Qubole is a cloud-native data platform for machine learning, AI, and big data analytics. Qubole on Google Cloud Platform (GCP) provides a first-class user experience through a unified workbench that includes notebooks, dashboards, a native interface for all commands, and built-in tools for easy, secure collaboration.

Qubole’s self-service platform combines the performance, reliability, and scalability of GCP, enabling easier, more collaborative processing of big data workloads on Apache Spark and Hadoop.

Qubole on GCP delivers:

Unified experience for data science and data engineering

Native workbench that includes notebooks, dashboards, and a common interface for all commands and tasks. This enables data engineers and data scientists to collaborate using familiar tools, languages, and data processing engines.

Day-1 self-service access

Fast access to Qubole through GCP Marketplace, with automatic account setup, Google Cloud authentication, and simplified user onboarding.

24x7 support for open source engines

Highly optimized versions of open source engines and frameworks with advanced caching and performance optimizations. Dedicated support and engineering teams specialized by engine.

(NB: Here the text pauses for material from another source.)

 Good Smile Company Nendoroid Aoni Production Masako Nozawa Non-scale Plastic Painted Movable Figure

Low cost and high reliability

Automatic upscaling, rebalancing, and aggressive downscaling of clusters with a complete context of the workload, SLA, and priority of each job. Includes intelligent autonomous and policy-based management of regular compute instances or Preemptible VMs.

Enterprise-grade security

Fine-grained predefined or custom identity and access management roles to separate compute and data access. Qubole also offers role-based access controls for secure collaboration in notebooks and commands.

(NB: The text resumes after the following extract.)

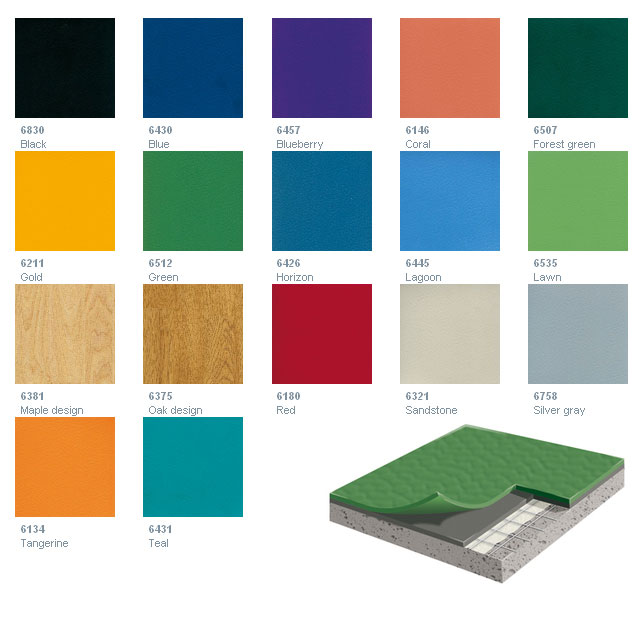 Gerflor Taraflex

Easy access to many data sources

Connectors for Google Cloud Storage, Google BigQuery, Oracle, MySQL, Postgres, MongoDB, and more.

For Data Scientists

  • Notebooks for Cloud Storage and BigQuery
  • Python, Scala, SQL, and R in Notebooks
  • Spark MLlib, Scikit-learn, SparkR
  • Collaboration using ACLs and foldering
  • Schedule Notebooks natively or in Airflow
  • Visualizations and dashboards

For Data Engineers

  • Native workbench for all commands
  • Easy lookup of BigQuery and Hive tables
  • Command examples and shareable history
  • Schedule commands natively or in Airflow
  • Data import/export from multiple sources
  • Native API / SDK and UI for all commands

Fast Access and Simplified Onboarding

  • Easy purchase via GCP Marketplace
  • Try & Buy with Qubole Test Drive
  • Integrated with your GCP Bill
  • One-click Qubole account setup
  • Authentication with Google account
  • Optional customized scripted setup

Enterprise-grade Security

  • Predefined or granular custom IAM roles
  • Separate access roles for compute and storage
  • Role-based controls for users and groups
  • Secure collaboration for Notebooks and commands
  • Data access controls with Hive Authorization

Automated Cluster Lifecycle Management

Qubole allows you to efficiently manage all major functions of the cluster lifecycle — configure, provision, monitor, scale, optimize, and recover — through automation. Qubole’s built-in financial governance capabilities provide immediate visibility into platform usage costs with advanced tools for budget allocation, chargeback, and monitoring and controlling your cloud spend.

Workload-Aware Autoscaling

Qubole’s workload-aware autoscaling upscales, downscales, and rebalances clusters with a complete context of the workload, SLA, and priority of each job. Aggressive Cluster Downscaling uses intelligent self-learning algorithms such as Smart Victim Selection, Graceful Downscaling, and Container Packing to balance workloads across active nodes and decommission idle ones without the risk of data loss.

Intelligent Low-cost Compute Management

Qubole’s intelligent management of low-cost compute nodes allows organizations to optimize the use of Google’s Preemptible VMs, resulting in drastic cost savings. Qubole provides policy-based automation of Preemptible VM usage to balance performance, cost, and SLA compliance.

Heterogeneous Cluster Configuration

Qubole’s Heterogeneous Cluster Configuration for on-demand and Preemptible VMs allows you to pick the most cost-effective combination for your job through automation. Qubole enables you to configure heterogeneous clusters by mixing nodes of multiple instance types, delivering much greater data processing efficiency.